Web page caption snippets:
——

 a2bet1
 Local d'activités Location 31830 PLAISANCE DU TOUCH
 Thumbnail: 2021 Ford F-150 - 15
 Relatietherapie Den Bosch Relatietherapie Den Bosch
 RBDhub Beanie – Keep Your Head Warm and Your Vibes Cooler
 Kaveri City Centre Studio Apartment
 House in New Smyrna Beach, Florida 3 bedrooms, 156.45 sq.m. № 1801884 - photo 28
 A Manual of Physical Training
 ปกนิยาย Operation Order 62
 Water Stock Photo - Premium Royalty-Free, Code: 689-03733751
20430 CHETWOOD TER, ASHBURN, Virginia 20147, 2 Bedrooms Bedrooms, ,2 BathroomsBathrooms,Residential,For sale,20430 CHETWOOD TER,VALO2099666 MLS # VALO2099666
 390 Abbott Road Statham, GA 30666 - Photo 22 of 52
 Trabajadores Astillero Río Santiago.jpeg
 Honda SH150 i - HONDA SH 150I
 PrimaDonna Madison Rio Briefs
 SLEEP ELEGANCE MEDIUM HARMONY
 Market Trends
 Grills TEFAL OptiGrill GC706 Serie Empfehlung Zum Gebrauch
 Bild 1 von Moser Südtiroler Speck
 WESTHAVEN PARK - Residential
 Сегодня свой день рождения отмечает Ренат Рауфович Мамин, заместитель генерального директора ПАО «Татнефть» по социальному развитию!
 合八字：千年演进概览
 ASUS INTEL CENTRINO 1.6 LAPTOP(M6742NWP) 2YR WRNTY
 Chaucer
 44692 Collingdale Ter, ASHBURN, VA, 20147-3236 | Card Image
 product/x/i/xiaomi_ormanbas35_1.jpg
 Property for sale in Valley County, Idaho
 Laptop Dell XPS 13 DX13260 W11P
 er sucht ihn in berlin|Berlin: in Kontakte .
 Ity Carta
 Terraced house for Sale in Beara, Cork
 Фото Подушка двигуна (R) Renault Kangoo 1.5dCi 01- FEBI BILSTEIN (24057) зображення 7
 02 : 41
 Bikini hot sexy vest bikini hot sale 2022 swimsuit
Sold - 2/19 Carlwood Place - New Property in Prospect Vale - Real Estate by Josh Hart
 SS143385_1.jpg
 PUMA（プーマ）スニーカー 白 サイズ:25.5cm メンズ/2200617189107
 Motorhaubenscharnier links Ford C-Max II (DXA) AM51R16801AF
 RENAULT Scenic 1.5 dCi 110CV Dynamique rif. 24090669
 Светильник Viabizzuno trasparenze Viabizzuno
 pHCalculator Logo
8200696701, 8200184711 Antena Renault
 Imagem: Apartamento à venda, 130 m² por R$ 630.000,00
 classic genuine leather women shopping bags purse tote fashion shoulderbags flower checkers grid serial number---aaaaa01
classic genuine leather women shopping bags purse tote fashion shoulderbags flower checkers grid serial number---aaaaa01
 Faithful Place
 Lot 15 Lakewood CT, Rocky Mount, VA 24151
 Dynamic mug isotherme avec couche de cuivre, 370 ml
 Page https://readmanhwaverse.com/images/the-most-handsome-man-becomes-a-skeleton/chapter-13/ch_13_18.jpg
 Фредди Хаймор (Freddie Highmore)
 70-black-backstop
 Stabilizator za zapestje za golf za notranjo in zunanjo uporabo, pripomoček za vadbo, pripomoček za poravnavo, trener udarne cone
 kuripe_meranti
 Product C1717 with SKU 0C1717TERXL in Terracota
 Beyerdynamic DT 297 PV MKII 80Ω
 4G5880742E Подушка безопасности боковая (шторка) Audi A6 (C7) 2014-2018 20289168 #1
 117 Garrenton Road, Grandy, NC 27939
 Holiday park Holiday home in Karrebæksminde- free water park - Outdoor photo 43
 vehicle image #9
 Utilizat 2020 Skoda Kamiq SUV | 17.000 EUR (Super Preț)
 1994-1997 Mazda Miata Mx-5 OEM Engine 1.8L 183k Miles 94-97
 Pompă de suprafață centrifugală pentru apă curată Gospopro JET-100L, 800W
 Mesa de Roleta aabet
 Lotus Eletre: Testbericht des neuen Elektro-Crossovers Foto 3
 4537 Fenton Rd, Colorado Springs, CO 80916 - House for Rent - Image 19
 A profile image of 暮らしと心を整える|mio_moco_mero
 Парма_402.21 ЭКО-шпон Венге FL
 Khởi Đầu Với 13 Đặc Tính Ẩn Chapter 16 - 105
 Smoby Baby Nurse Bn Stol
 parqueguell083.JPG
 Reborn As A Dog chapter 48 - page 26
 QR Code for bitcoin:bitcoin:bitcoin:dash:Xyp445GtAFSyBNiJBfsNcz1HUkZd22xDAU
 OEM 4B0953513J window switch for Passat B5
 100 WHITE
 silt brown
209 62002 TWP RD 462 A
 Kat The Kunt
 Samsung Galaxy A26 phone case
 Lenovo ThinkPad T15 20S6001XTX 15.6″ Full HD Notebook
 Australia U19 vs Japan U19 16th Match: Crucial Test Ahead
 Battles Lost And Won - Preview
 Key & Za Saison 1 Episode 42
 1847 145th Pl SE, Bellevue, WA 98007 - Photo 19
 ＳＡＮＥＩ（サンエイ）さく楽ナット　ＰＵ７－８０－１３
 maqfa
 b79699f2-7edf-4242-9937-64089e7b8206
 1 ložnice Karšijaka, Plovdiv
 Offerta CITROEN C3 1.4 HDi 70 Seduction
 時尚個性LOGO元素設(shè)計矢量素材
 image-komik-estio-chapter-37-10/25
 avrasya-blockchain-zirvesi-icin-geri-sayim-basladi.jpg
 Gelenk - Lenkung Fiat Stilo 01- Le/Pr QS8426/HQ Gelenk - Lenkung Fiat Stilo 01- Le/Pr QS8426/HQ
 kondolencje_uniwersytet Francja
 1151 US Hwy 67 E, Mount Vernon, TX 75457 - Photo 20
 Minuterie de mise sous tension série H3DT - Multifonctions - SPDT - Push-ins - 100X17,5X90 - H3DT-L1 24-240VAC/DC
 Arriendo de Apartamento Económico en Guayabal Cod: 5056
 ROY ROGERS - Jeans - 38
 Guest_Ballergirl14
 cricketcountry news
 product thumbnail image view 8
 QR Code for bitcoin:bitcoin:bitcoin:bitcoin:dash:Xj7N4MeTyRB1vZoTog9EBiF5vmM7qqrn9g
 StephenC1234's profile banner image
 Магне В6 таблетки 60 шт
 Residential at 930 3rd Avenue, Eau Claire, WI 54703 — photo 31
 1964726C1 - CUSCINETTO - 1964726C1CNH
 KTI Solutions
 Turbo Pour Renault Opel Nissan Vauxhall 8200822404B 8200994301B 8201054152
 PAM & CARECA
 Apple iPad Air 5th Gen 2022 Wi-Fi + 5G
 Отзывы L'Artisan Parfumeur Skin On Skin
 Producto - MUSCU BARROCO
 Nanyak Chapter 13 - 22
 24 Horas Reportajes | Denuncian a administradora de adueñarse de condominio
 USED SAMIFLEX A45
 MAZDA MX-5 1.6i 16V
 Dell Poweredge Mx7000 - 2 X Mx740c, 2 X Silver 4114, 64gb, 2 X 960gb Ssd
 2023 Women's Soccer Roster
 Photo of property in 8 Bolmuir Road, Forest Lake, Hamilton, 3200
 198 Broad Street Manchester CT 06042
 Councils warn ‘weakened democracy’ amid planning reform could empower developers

——

The answer is the lines above between the line holding "1 ložnice Karšijaka, Plovdiv" and the line holding "KTI Solutions", inclusive, each written out exactly, and no others.

**Problem solution:**
 1 ložnice Karšijaka, Plovdiv
 Offerta CITROEN C3 1.4 HDi 70 Seduction
 時尚個性LOGO元素設(shè)計矢量素材
 image-komik-estio-chapter-37-10/25
 avrasya-blockchain-zirvesi-icin-geri-sayim-basladi.jpg
 Gelenk - Lenkung Fiat Stilo 01- Le/Pr QS8426/HQ Gelenk - Lenkung Fiat Stilo 01- Le/Pr QS8426/HQ
 kondolencje_uniwersytet Francja
 1151 US Hwy 67 E, Mount Vernon, TX 75457 - Photo 20
 Minuterie de mise sous tension série H3DT - Multifonctions - SPDT - Push-ins - 100X17,5X90 - H3DT-L1 24-240VAC/DC
 Arriendo de Apartamento Económico en Guayabal Cod: 5056
 ROY ROGERS - Jeans - 38
 Guest_Ballergirl14
 cricketcountry news
 product thumbnail image view 8
 QR Code for bitcoin:bitcoin:bitcoin:bitcoin:dash:Xj7N4MeTyRB1vZoTog9EBiF5vmM7qqrn9g
 StephenC1234's profile banner image
 Магне В6 таблетки 60 шт
 Residential at 930 3rd Avenue, Eau Claire, WI 54703 — photo 31
 1964726C1 - CUSCINETTO - 1964726C1CNH
 KTI Solutions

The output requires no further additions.